** MATERIAL PROVIDED follows **

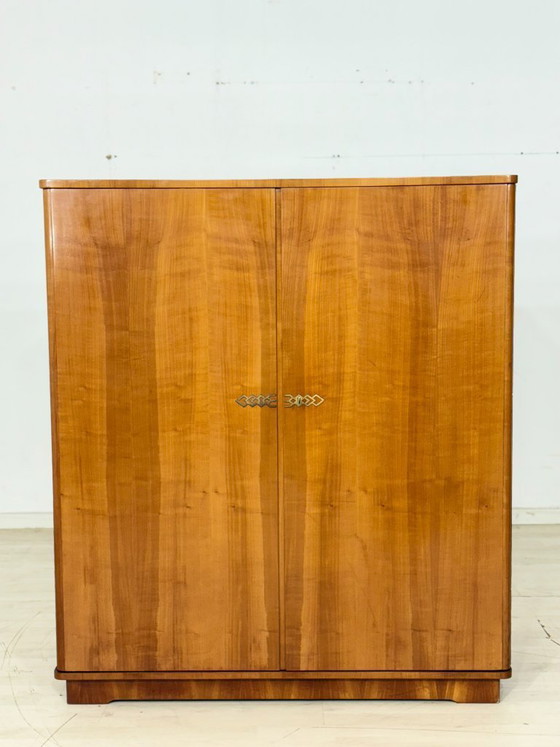 Image 1 of Vintage linnenkast / Kledingkast uit het midden van de vorige eeuw / Kast uit de jaren 60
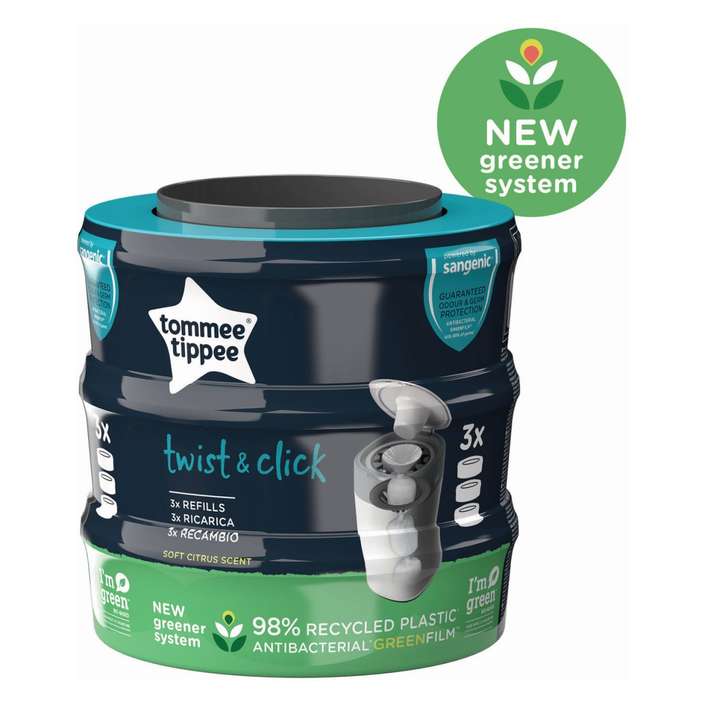 Sagenic diaper refills twist TOMMEE TIPPEE 3 in 1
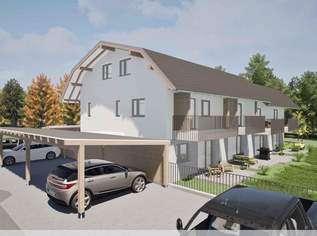 Bauvorhaben: Hochwertige 2 Zi.-Garten-Wohnung mit Carport in bester Lage!, 265000 €, Immobilien-Wohnungen in 5111 Bürmoos
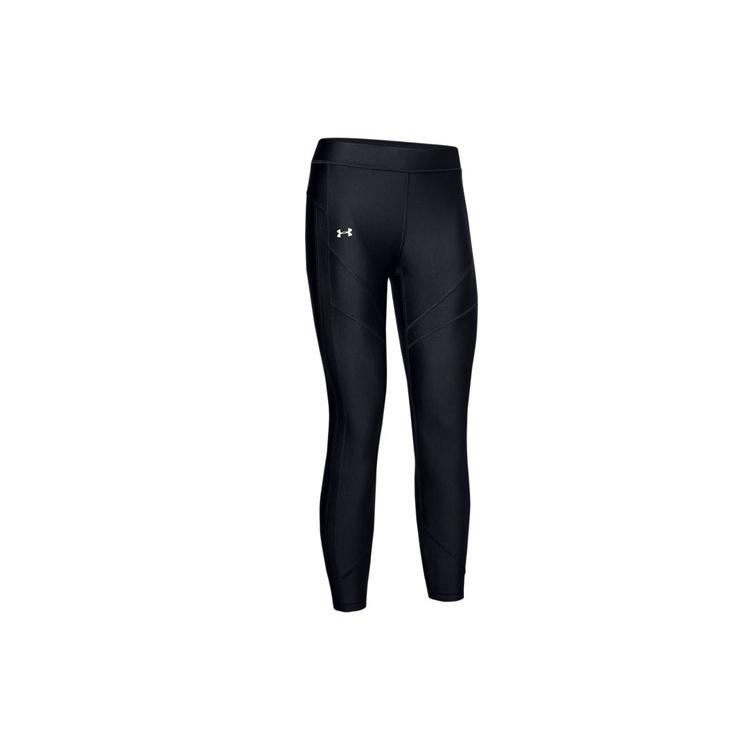 (WMNS) Under Armour HeatGear Armour Ankle Crop Legging Black Women s 1305967-001 XS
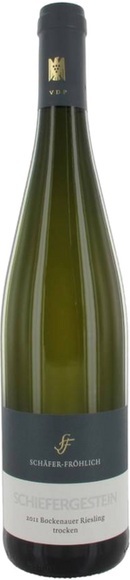 Weingut Schäfer-Fröhlich Bockenauer Riesling Vom Schiefergestein Nahe - 75cl - Rheintal, Deutschland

** End of MATERIAL PROVIDED **

◆ **EXERCISE BRIEF**
Pictures aside, retype the material exactly.

◆ **RESPONSE FOR THIS EXERCISE**
 Image 1 of Vintage linnenkast / Kledingkast uit het midden van de vorige eeuw / Kast uit de jaren 60
 Sagenic diaper refills twist TOMMEE TIPPEE 3 in 1
 Bauvorhaben: Hochwertige 2 Zi.-Garten-Wohnung mit Carport in bester Lage!, 265000 €, Immobilien-Wohnungen in 5111 Bürmoos
 (WMNS) Under Armour HeatGear Armour Ankle Crop Legging Black Women s 1305967-001 XS
 Weingut Schäfer-Fröhlich Bockenauer Riesling Vom Schiefergestein Nahe - 75cl - Rheintal, Deutschland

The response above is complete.